Friday, September 19, 2014

In honour of your vote, I thee razzmatazz you

There is a Minister in this cabinet of our beloved country, South Africa. His name is known to many. He is the only one who stands out on this one. Yes, I admit, that there are many now and before who've blasted us with hollow speeches and left us transfixed with big words. But I doff my hat to this particular one.

He is Minister of bombastic words and dizzying phrases. You know, he reminds me of those of us who used to attend SRC and Student Body meetings with dictionaries in our hands. Let me take you back in time...

...When somebody would raise the hand to be noted by Chairperson in that round of questions (that is if they did not smuggle themselves into the discussion by calling an in-appropriate "Order.")

Once noted by Chairperson, the comrade would bury his head into something he’s holding under a desk, raise his head every now and then to follow the points coming up from those speaking ahead of him, while impatiently waiting for his turn to ask a question, or to make a point.

You'd not be so sure of what it is he is busy with under the desk until the platform has been accorded to him. Then the moment would arrive. Comrade would sting everybody with big, big words, and not really make sense in the process.

No-no-no, If comrade was asking a question, he’d begin with a 75 second-long preamble. By the time he got to asking the question, it’d be time-up. Rival comrades would call Order, demanding him to sit down. Comrade Preamble, not wanting to be undermined, would call a counter-Order, ‘Chairperson, can I be protected here from these howlers?’ he’d say.

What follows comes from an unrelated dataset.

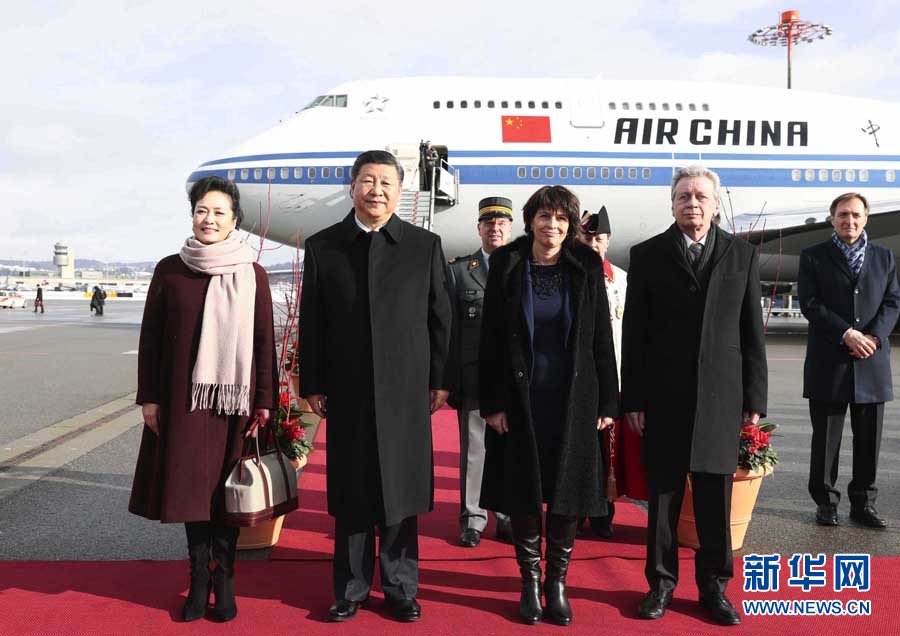1月15日，國家主席習(xí)近平乘專機抵達蘇黎世，開始對瑞士聯(lián)邦進行國事訪問。這是瑞士聯(lián)邦主席洛伊特哈德在機場為習(xí)近平和夫人彭麗媛舉行隆重歡迎儀式。 新華社記者 蘭紅光 攝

I keep saying “He” because mostly it would be guys doing this. Women often cut to the chase, and mostly left the comrade they were talking to bleeding, in a political sense, and the rest of the Student Body rolling on the floor. They hardly had time for rhetoric and stroking of egos. A lot of time got wasted in those meetings. How do you explain a Student Parliament which started at 17h00, only to end at 00h55, and even then merely because the students need to sleep ahead of another grueling academic day?

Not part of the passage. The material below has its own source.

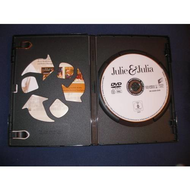 Die-offene-dvd-huelle-mit-der-dvd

I have witnessed these speak-oxford incidents many times. One day, Comrade Jasibaya put his Oxford what-you-call-it in his chair, pulled himself erect, slid the right hand inside his pocket, used his left index finger to punch the air, and asserted that if we did not challenge management's unilateral decision to increase academic fees, "the status-quo shall remain the status-quo!"

Yes, we sat there, wandering, which status-quo is which? Another comrade, confused by what we’ve just heard, called "Order." 'There is order from Comrade Neheti,' said Madam Chairperson.

'Chairperson,' he said, with all the seriousness he could muster, 'I think I want to call Order on Comrade Jasibaya... to say that he is forcing us to bring our own Oxford dictionaries to SRC meetings.' The boardroom became a scene of full-on guffaw.

Today I look at some of the up and coming political leaders who were part of these shenanigans back in the day, and I shudder to think that they will soon be very influential leaders in various capacities. They will be “razzmatazz-ing” us to no end. And these are the leaders who want a vote from the people, some of whom have no idea what "decayed rogues with dubious means of subsistence and of dubious origin…” means.